_YOUR GOAL_
Give all of the data again exactly as written, omitting every image.

_INFORMATION SUPPLIED_
+ + + + + + +

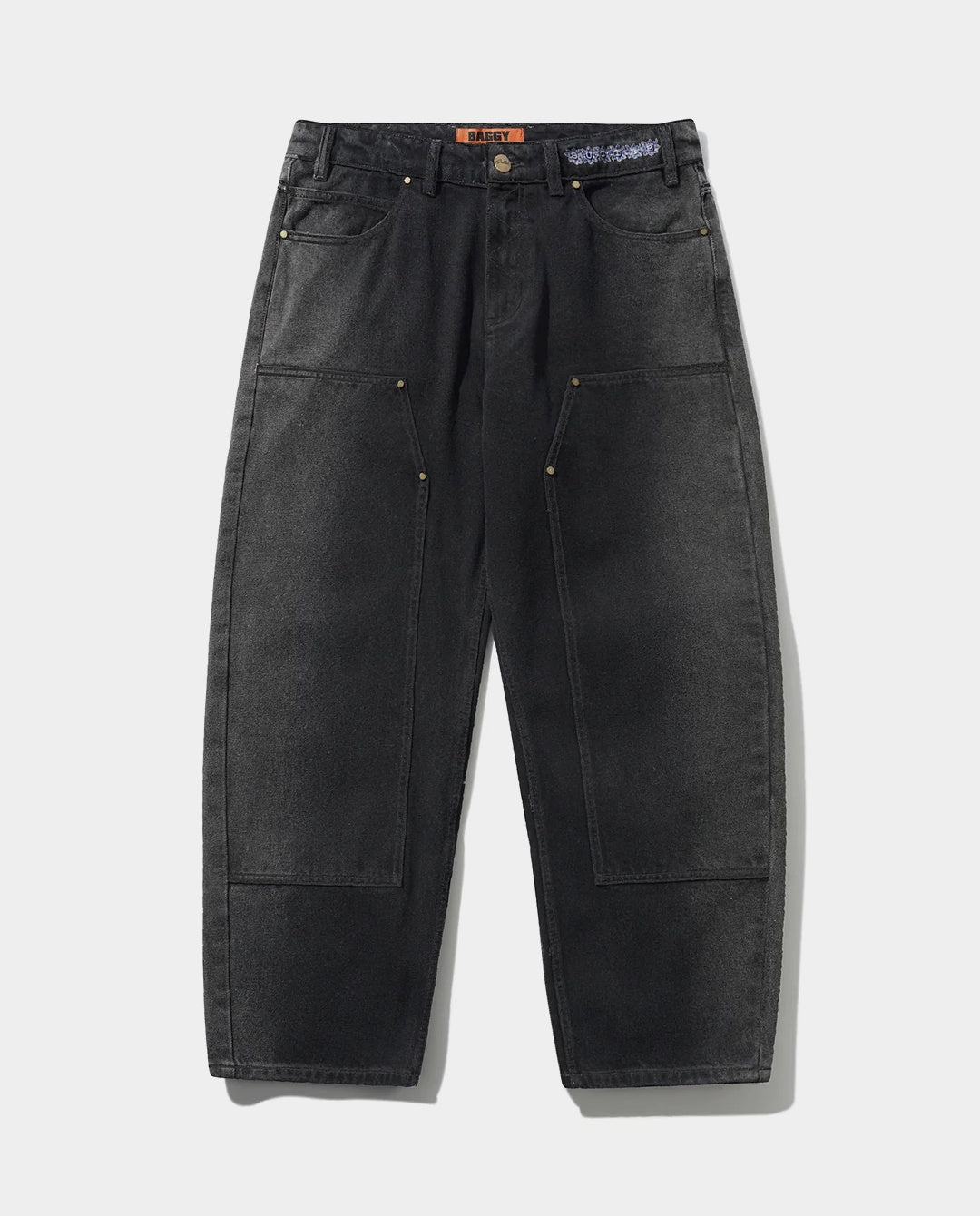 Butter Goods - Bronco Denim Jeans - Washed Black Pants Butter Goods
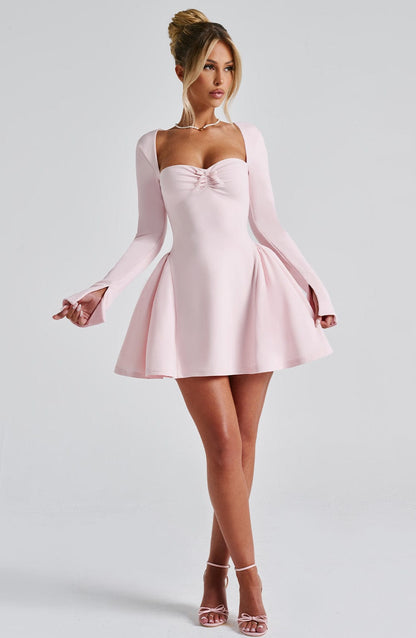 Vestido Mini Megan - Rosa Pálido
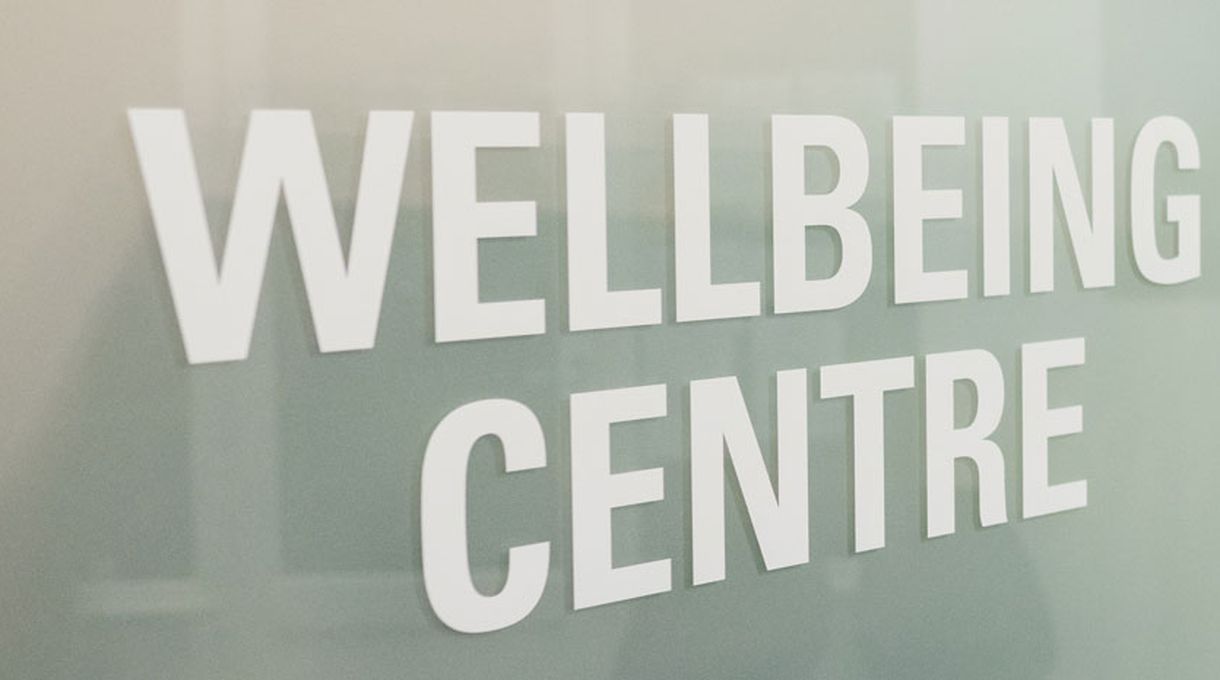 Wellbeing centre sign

+ + + + + + +

_THE ANSWER_
 Butter Goods - Bronco Denim Jeans - Washed Black Pants Butter Goods
 Vestido Mini Megan - Rosa Pálido
 Wellbeing centre sign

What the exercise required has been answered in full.